The Fed says unemployment is already running below the level that can be sustained in the longer run, but wages are crawling higher rather than taking off. What’s more, job growth hasn’t slowed down as much as you might expect in an economy with a big worker shortage.

Those developments could push the Fed to revise down that longer-run jobless rate, signaling the labor market is not as hot as expected with unemployment this low. More people working means the economy has more capacity to grow. If the effect is big enough, it could even mean interest rates can rise higher before choking off growth.

On the other hand, if the longer-run jobless estimate doesn’t come down, that would signal that the Fed sees an economy well on its way toward overheating. Translation: either more rate hikes or higher inflation could be in train.

2. Knocking on neutral?
Any details on the coming shift from easy to tight monetary policy will definitely draw attention.
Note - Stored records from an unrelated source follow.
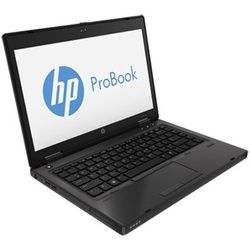 HP probook 6470 4GB RAM 500GB HDD 14" Laptop ( EX-UK)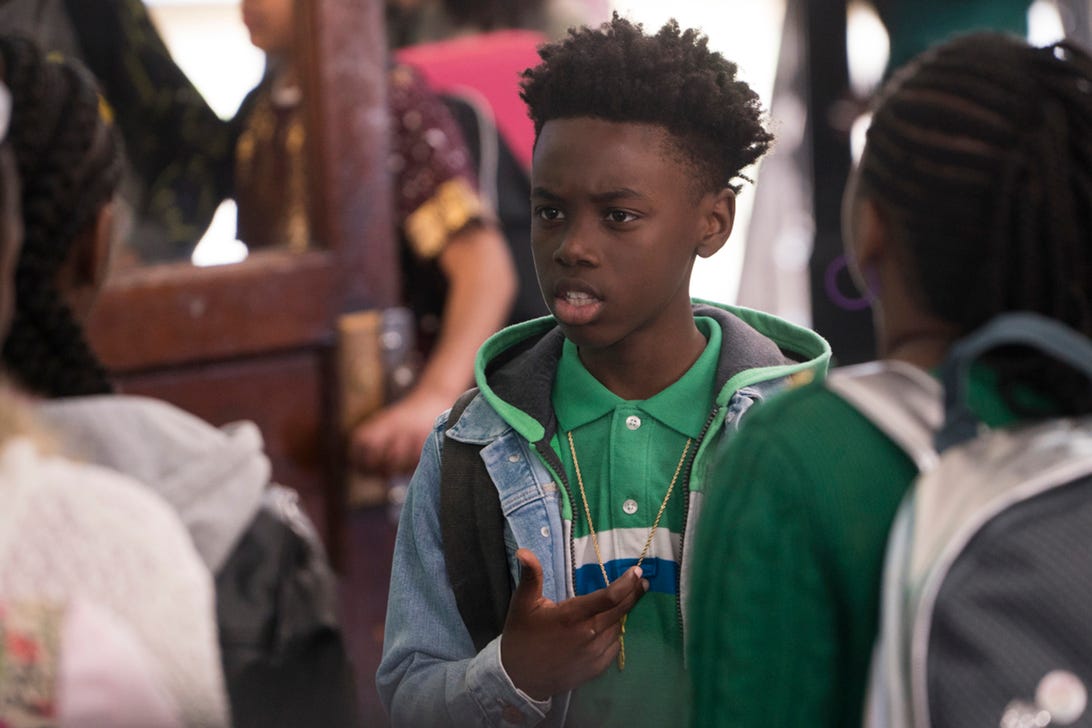 You Can Watch The Premiere of Showtime's The Chi Right Now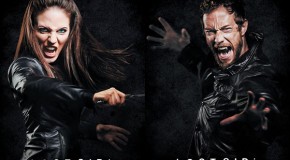 Lost Girl Saison 5 : date, vidéo et posters promo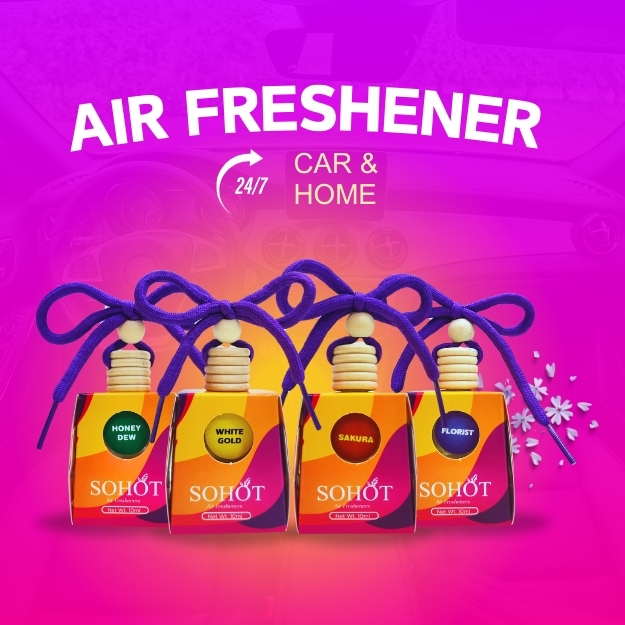 Air Freshener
Officials in March expected to cross that threshold in 2020, when their median estimate saw rates reaching 3.4 percent. That lies two quarter-point hikes above the 2.9 percent they estimate as the longer-run neutral level -- the one that will neither support nor slow growth. Powell acknowledged back in March that such a policy path would be modestly restrictive, but added that out-year estimates are “highly uncertain.”

Fed officials remain split. Governor Lael Brainard said in a May 31 speech that “it seems likely that the neutral rate could rise in the medium term above its longer-run value.” In short, the Fed could boost rates above long-run neutral without intentionally curbing growth. John Williams, the San Francisco Fed president, has made it clear that he’s OK with moving into actually tight territory. On the other side of the debate, presidents Robert Kaplan, Raphael Bostic and Patrick Harker have urged caution.